(DATA PROVIDED):
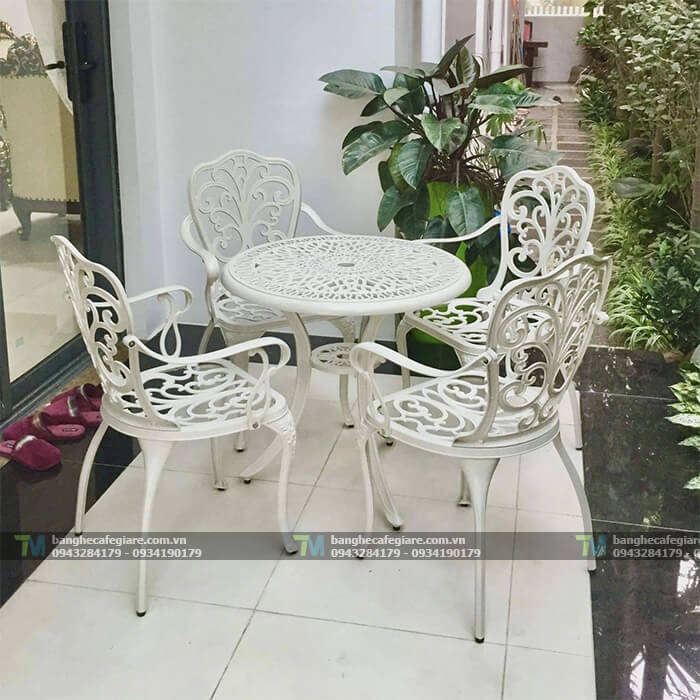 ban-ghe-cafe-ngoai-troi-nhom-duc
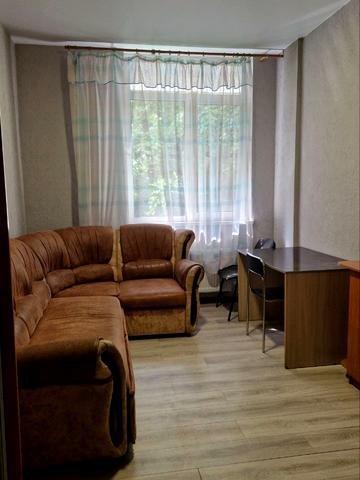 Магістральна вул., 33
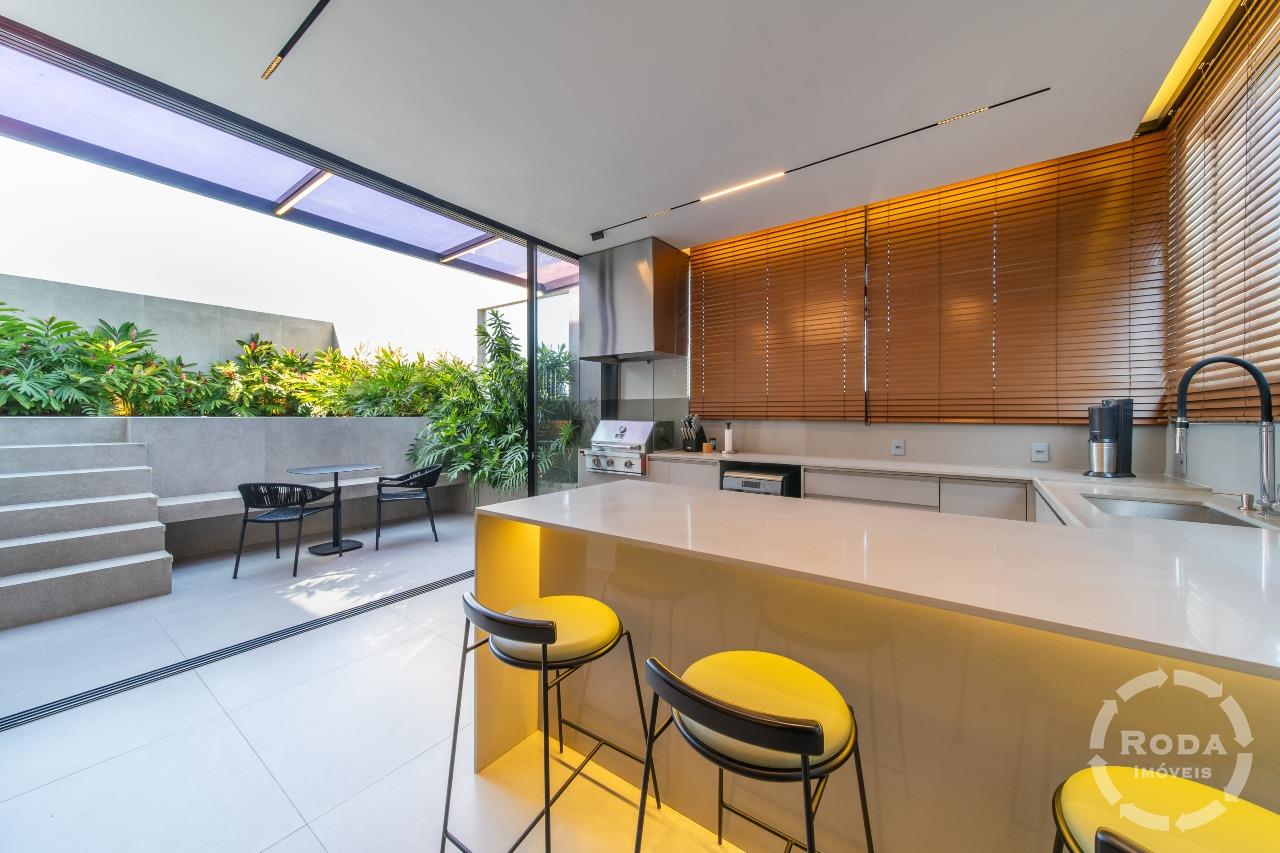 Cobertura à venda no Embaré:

--

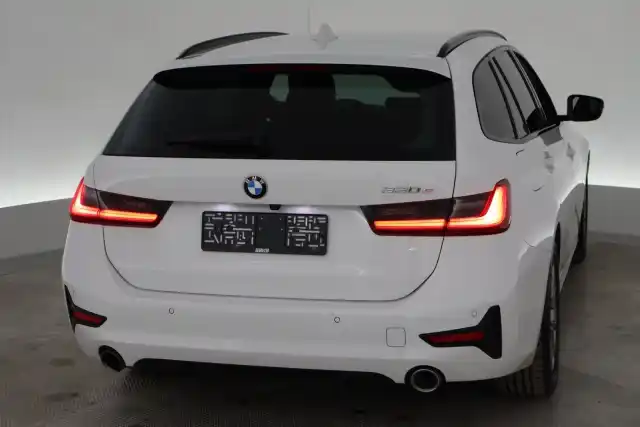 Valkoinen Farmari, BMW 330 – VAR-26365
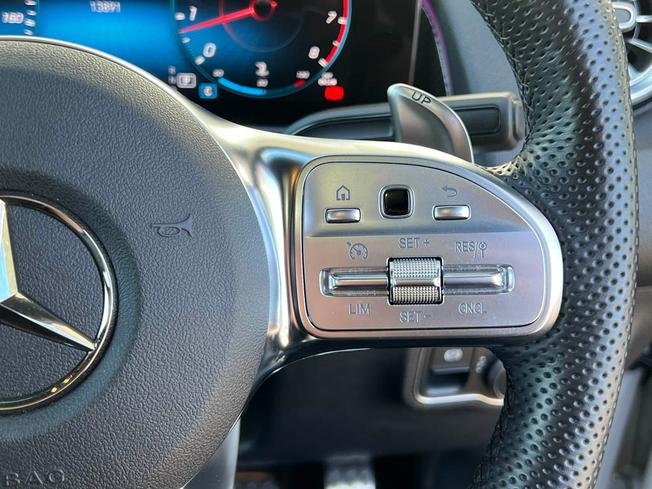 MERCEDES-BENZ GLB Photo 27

...

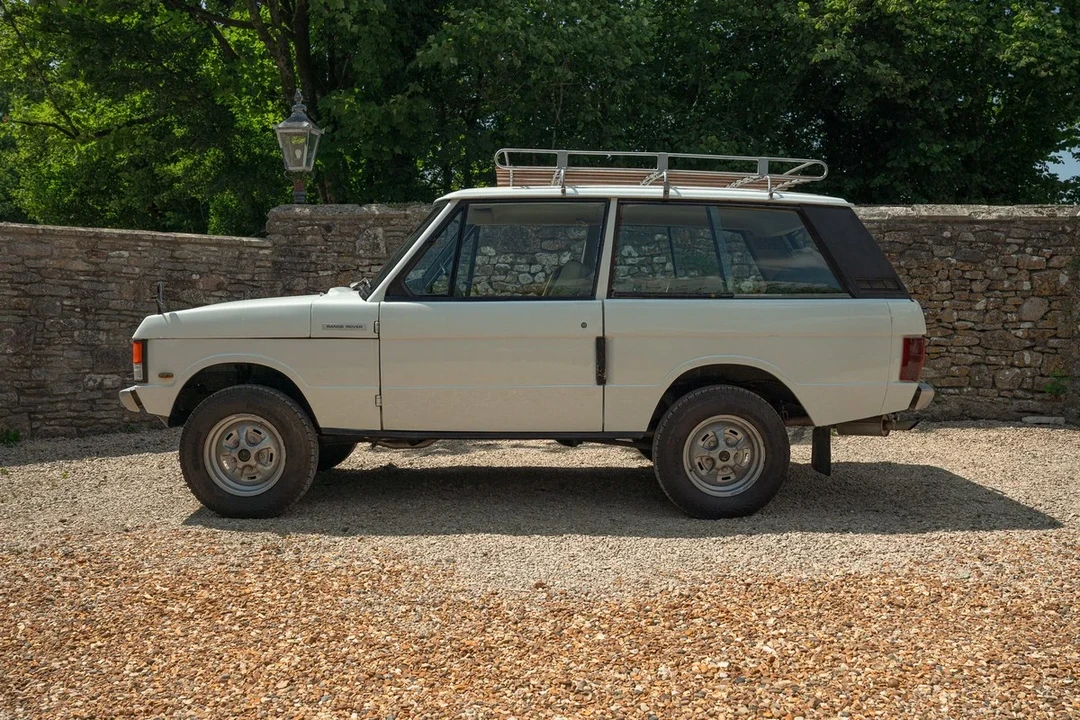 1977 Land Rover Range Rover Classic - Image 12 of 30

(EXERCISE DIRECTIONS): In the listing above, find the line with "Магістральна вул., 33" and the line with "Cobertura à venda". Output both, plus every line between them, and no pictures.

(THE ANSWER):
 Магістральна вул., 33
 Cobertura à venda no Embaré:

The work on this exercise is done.